* [Problem to solve]: Everything from the line containing "Халат КМ-10 ЛЮКС женский (серый/красный) Халат" to the last line of the listing below should be restated exactly, both ends included, with nothing added and the pictures omitted.

* [Provided data]:
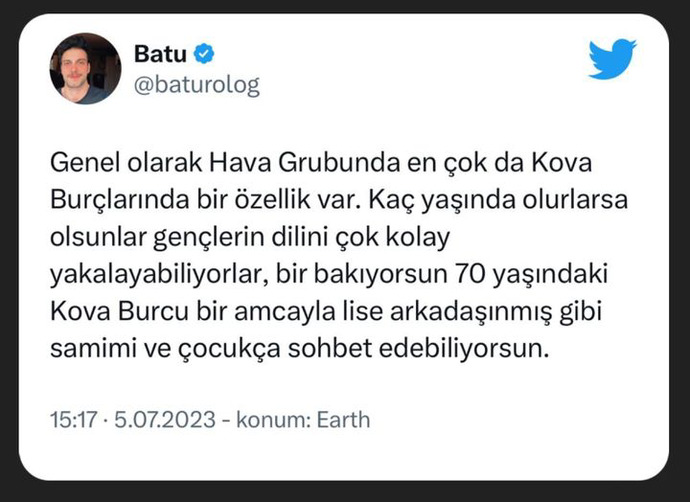 Tek bir burcu övün deseler hangi burcu översiniz?
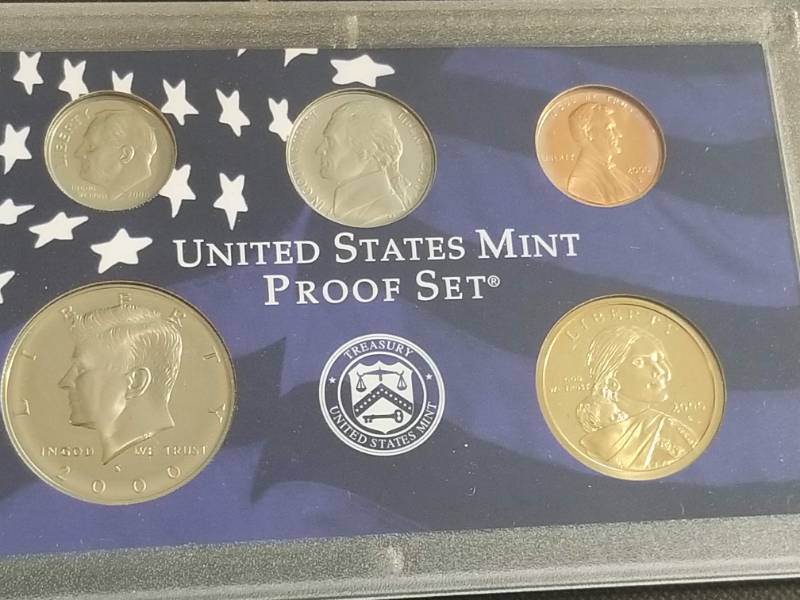 2000 US PROOF SET ORIGINAL BOX AS ISSUED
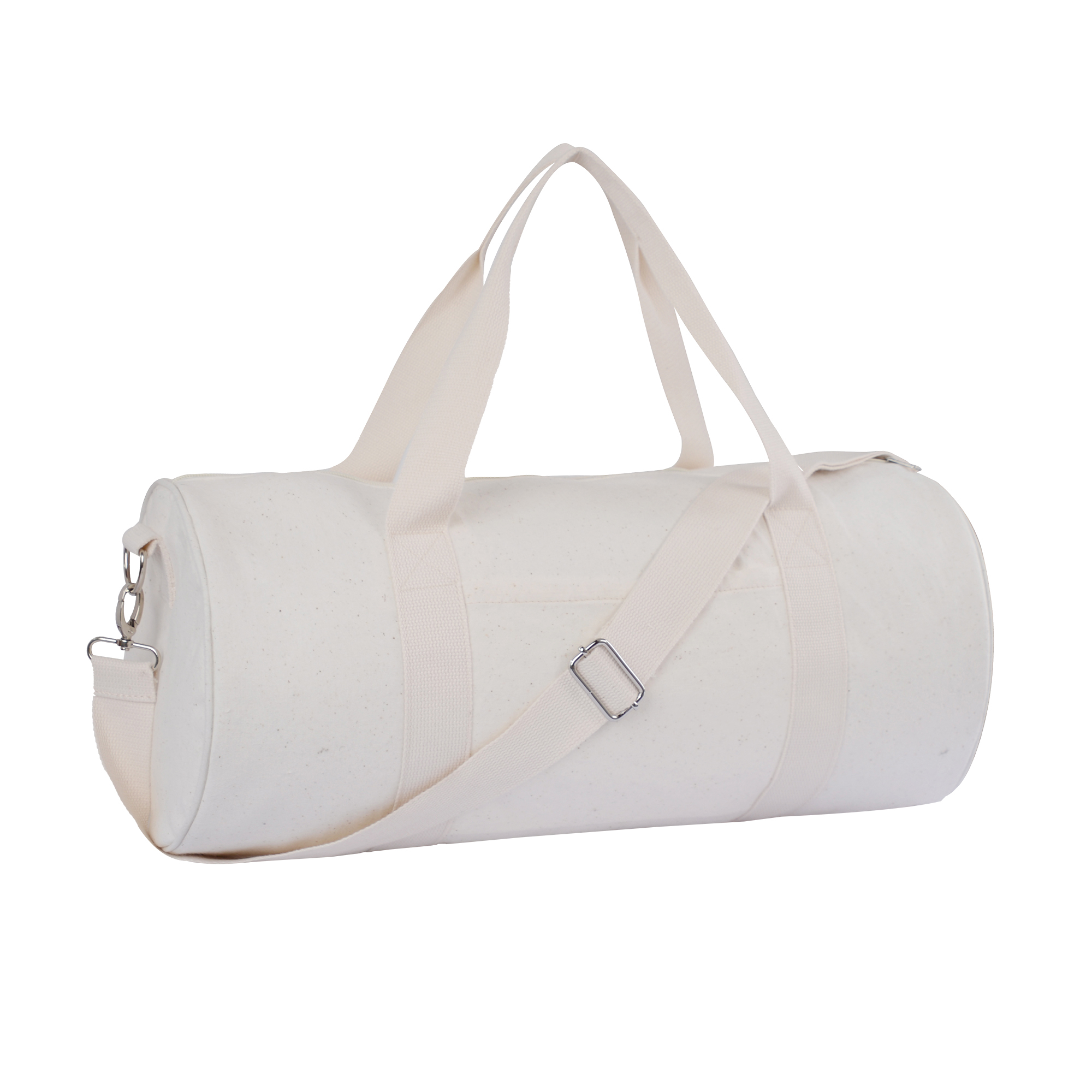 Unisex Large Capacity Canvas Travel Gym Bag with Zipper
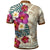 Papua New Guinea Polo Shirt The Tropical Plumeria Flower Style - Polynesian Pride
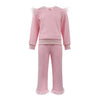 Lola + The Boys Small Women's Pretty in Pink Feather Athletic Set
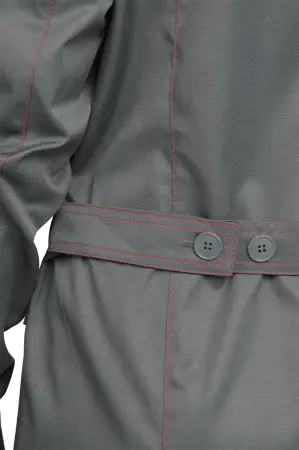 Халат КМ-10 ЛЮКС женский (серый/красный) Халат КМ-10 ЛЮКС женский (серый/красный)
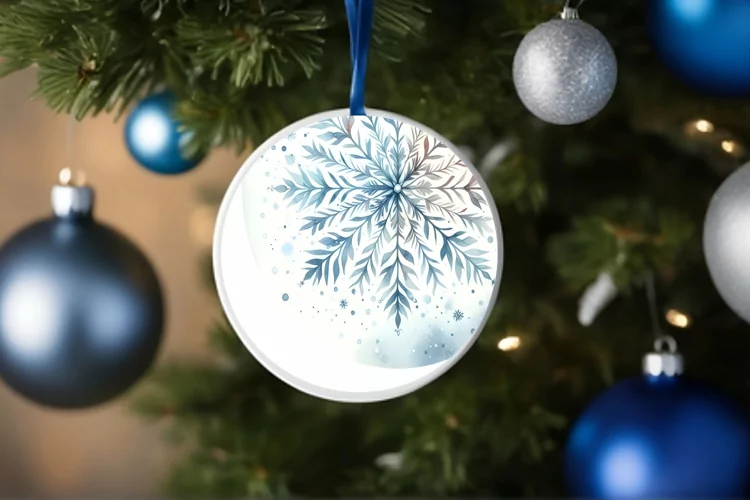 Round Christmas Ornament Sublimation|Clipart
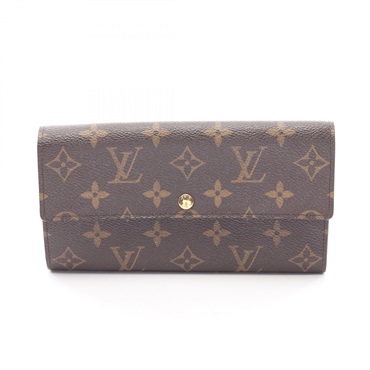 LOUIS VUITTON Pochette Porte-monnaie Credit Bifold purse wallet M61726 Monogram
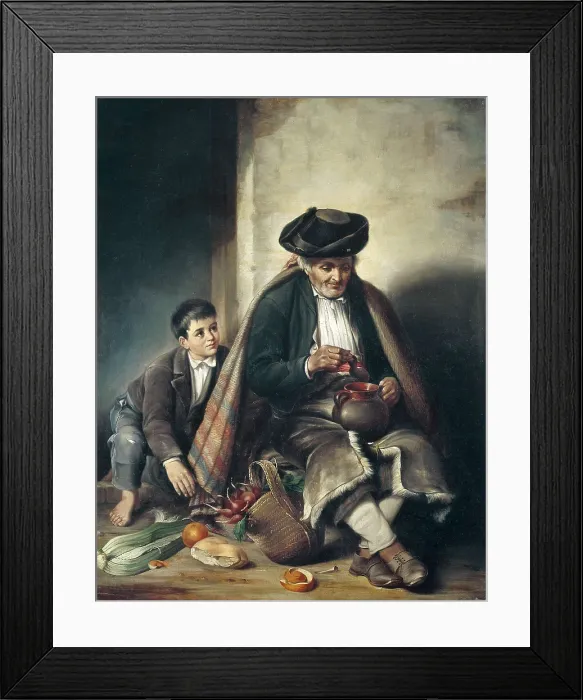 Framed Print : Man and boy. end 19th c. Andalusian anonymous. Oil on canvas. SPAIN. Valencia. San Pio V Fine Arts Museum. AISA / Everett Collection**US SALES ONLY** Framed Print : Man and boy. end 19th c. Andalusian anonymous. Oil on canvas. SPAIN. Valencia. San Pio V Fine Arts Museum. AISA / Everett Collection**US SALES ONLY**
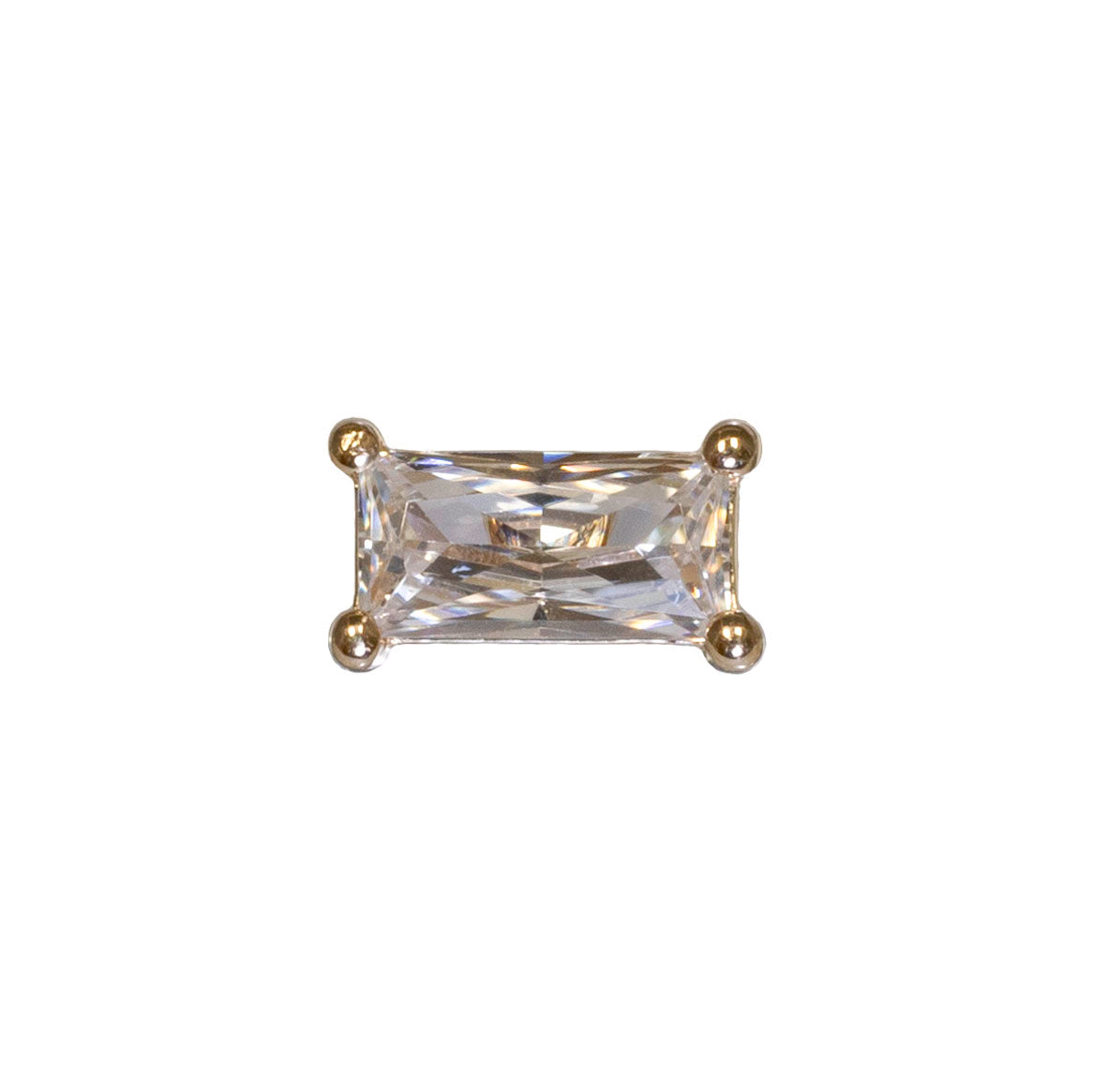 Baguette Prong Set Gem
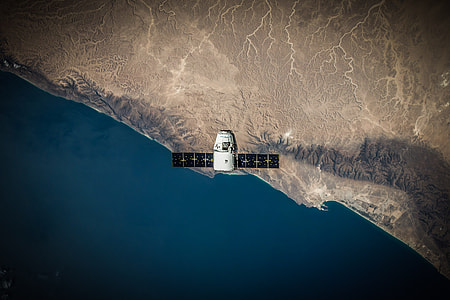 Satellite Earth Orbiting thumbnail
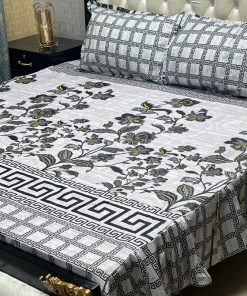 "Frill King Cotton 3-Piece Set – Decorative 2-sided frill design for a luxurious bedroom."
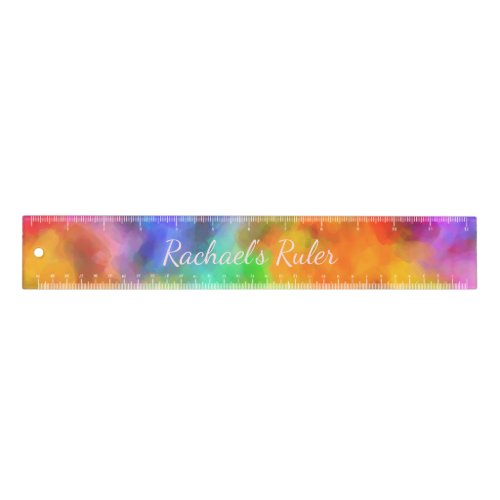 Colorful Paint Ruler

* [Exercise answer]:
 Халат КМ-10 ЛЮКС женский (серый/красный) Халат КМ-10 ЛЮКС женский (серый/красный)
 Round Christmas Ornament Sublimation|Clipart
 LOUIS VUITTON Pochette Porte-monnaie Credit Bifold purse wallet M61726 Monogram
 Framed Print : Man and boy. end 19th c. Andalusian anonymous. Oil on canvas. SPAIN. Valencia. San Pio V Fine Arts Museum. AISA / Everett Collection**US SALES ONLY** Framed Print : Man and boy. end 19th c. Andalusian anonymous. Oil on canvas. SPAIN. Valencia. San Pio V Fine Arts Museum. AISA / Everett Collection**US SALES ONLY**
 Baguette Prong Set Gem
 Satellite Earth Orbiting thumbnail
 "Frill King Cotton 3-Piece Set – Decorative 2-sided frill design for a luxurious bedroom."
 Colorful Paint Ruler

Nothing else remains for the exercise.